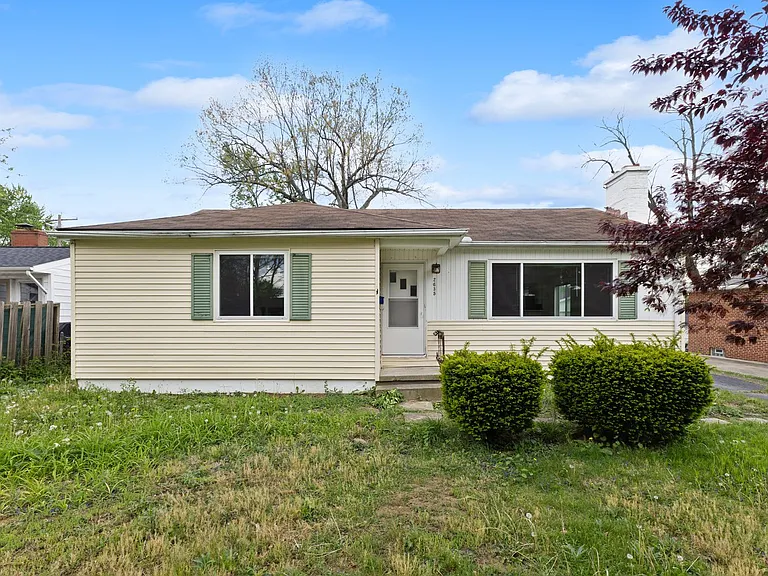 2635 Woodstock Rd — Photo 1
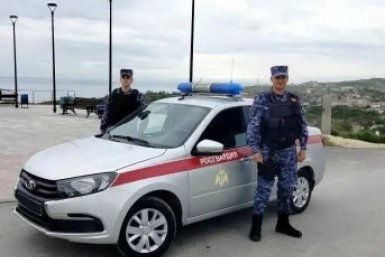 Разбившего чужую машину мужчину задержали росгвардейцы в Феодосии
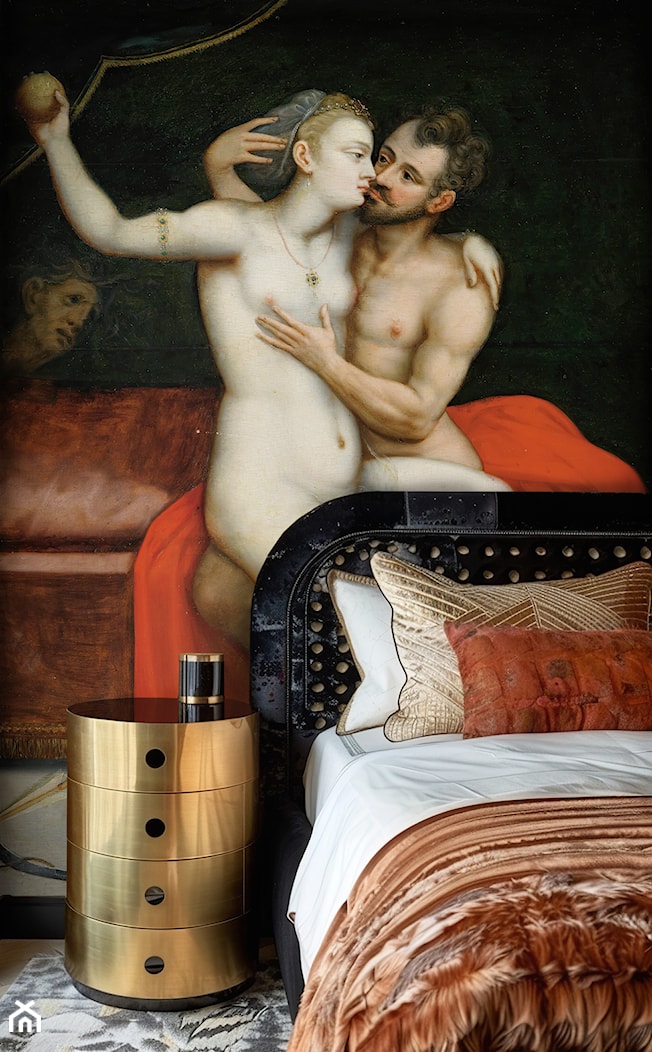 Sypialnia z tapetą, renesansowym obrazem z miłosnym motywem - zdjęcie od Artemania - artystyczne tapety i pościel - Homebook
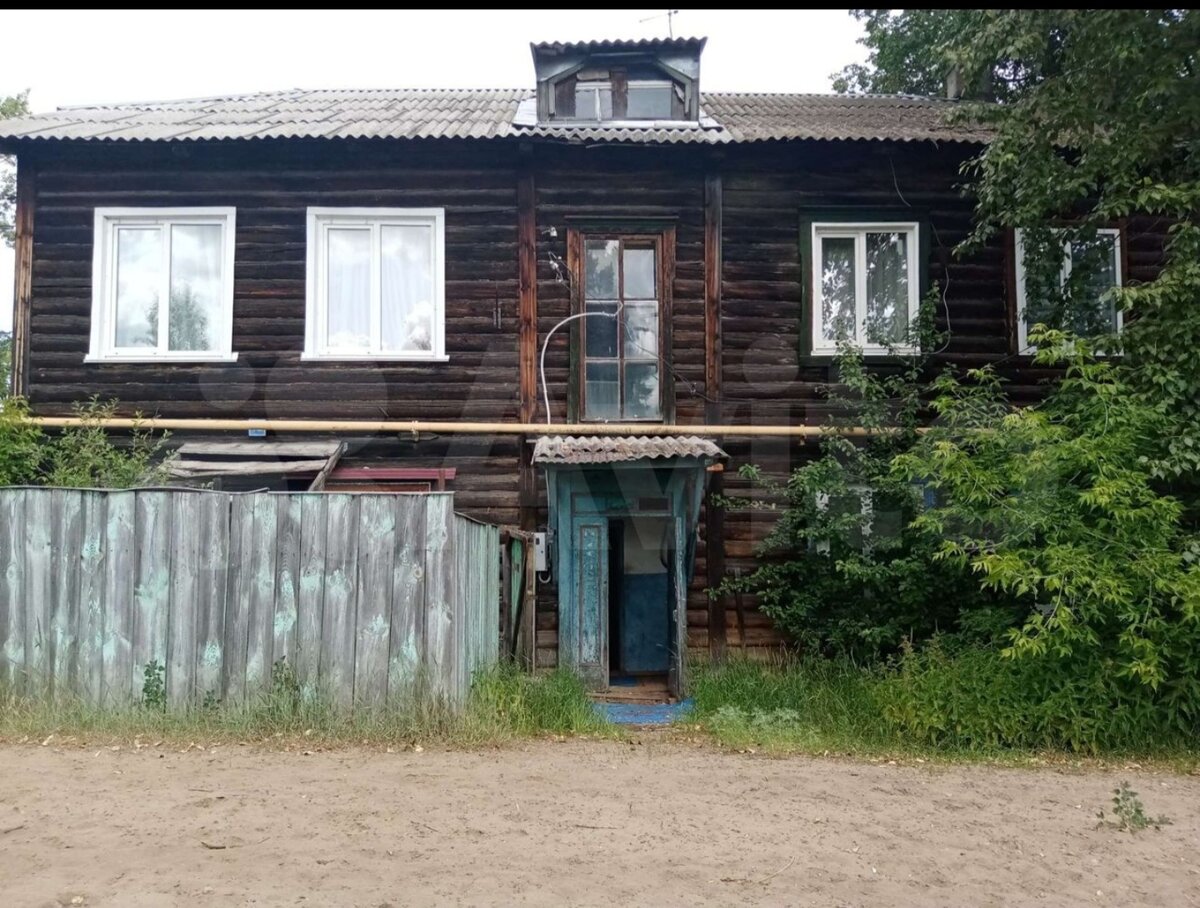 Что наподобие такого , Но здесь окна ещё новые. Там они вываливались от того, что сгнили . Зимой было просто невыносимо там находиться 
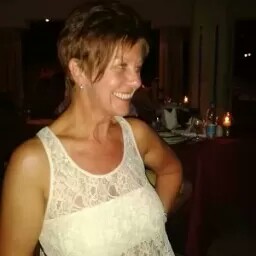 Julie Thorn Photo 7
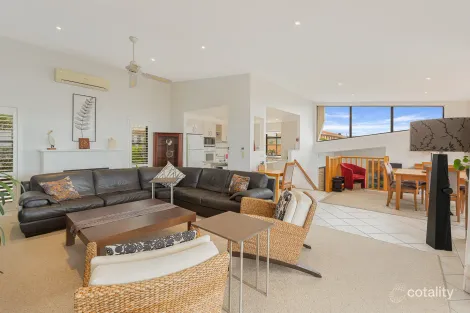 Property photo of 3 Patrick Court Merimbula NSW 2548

Exercise objective
All pictures should be dropped; the lines from the one containing "Что наподобие такого" through the last line of the material are to be set down exactly.

Exercise result
 Что наподобие такого , Но здесь окна ещё новые. Там они вываливались от того, что сгнили . Зимой было просто невыносимо там находиться 
 Julie Thorn Photo 7
 Property photo of 3 Patrick Court Merimbula NSW 2548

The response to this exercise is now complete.